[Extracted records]
————————

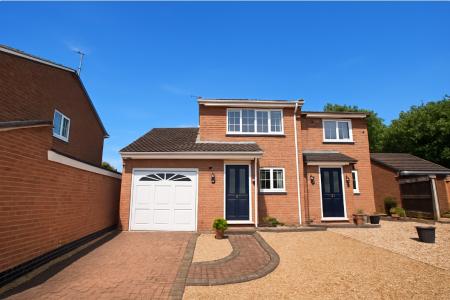 Osborne Road, Loughborough, LE11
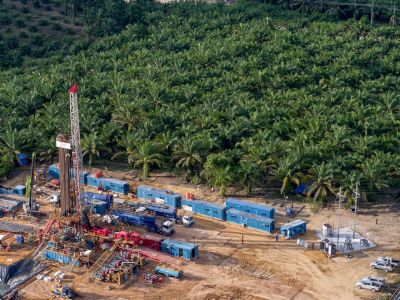 Kerja Sama PHR-Kejaksaan Tinggi Riau Awasi Proses Pengadaan WK Rokan Profesional dan Taat Aturan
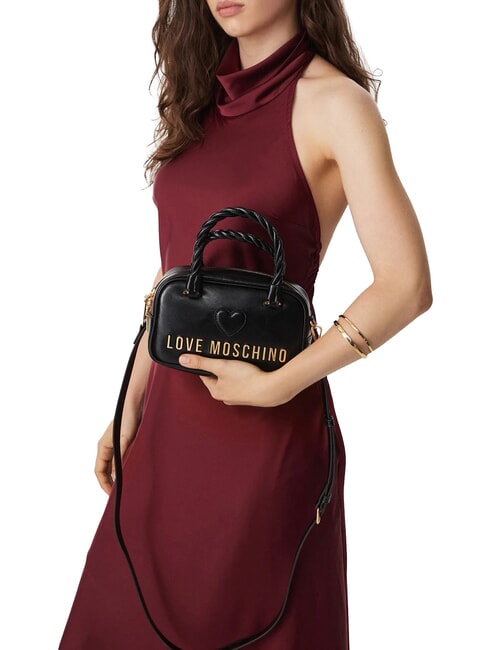 TWIRL Mini sac &agrave; main avec bandouli&egrave;re Noir - Sacs pour Femme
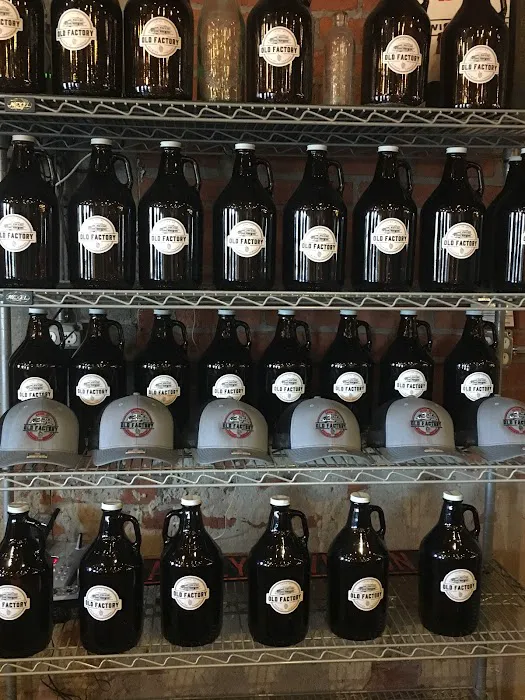 Old Factory Brewing Company 6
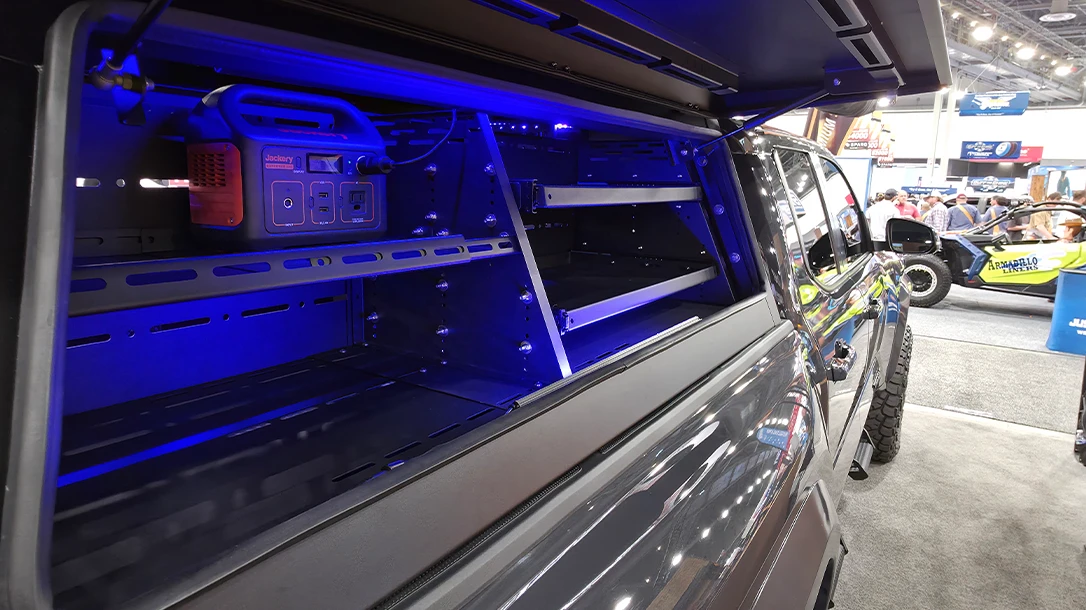 Cool overland solutions from OVS gear.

————————

» **What you have to do**
The answer is a faithful copy of the records above, with the pictures removed.

» **Exercise response**
 Osborne Road, Loughborough, LE11
 Kerja Sama PHR-Kejaksaan Tinggi Riau Awasi Proses Pengadaan WK Rokan Profesional dan Taat Aturan
 TWIRL Mini sac &agrave; main avec bandouli&egrave;re Noir - Sacs pour Femme
 Old Factory Brewing Company 6
 Cool overland solutions from OVS gear.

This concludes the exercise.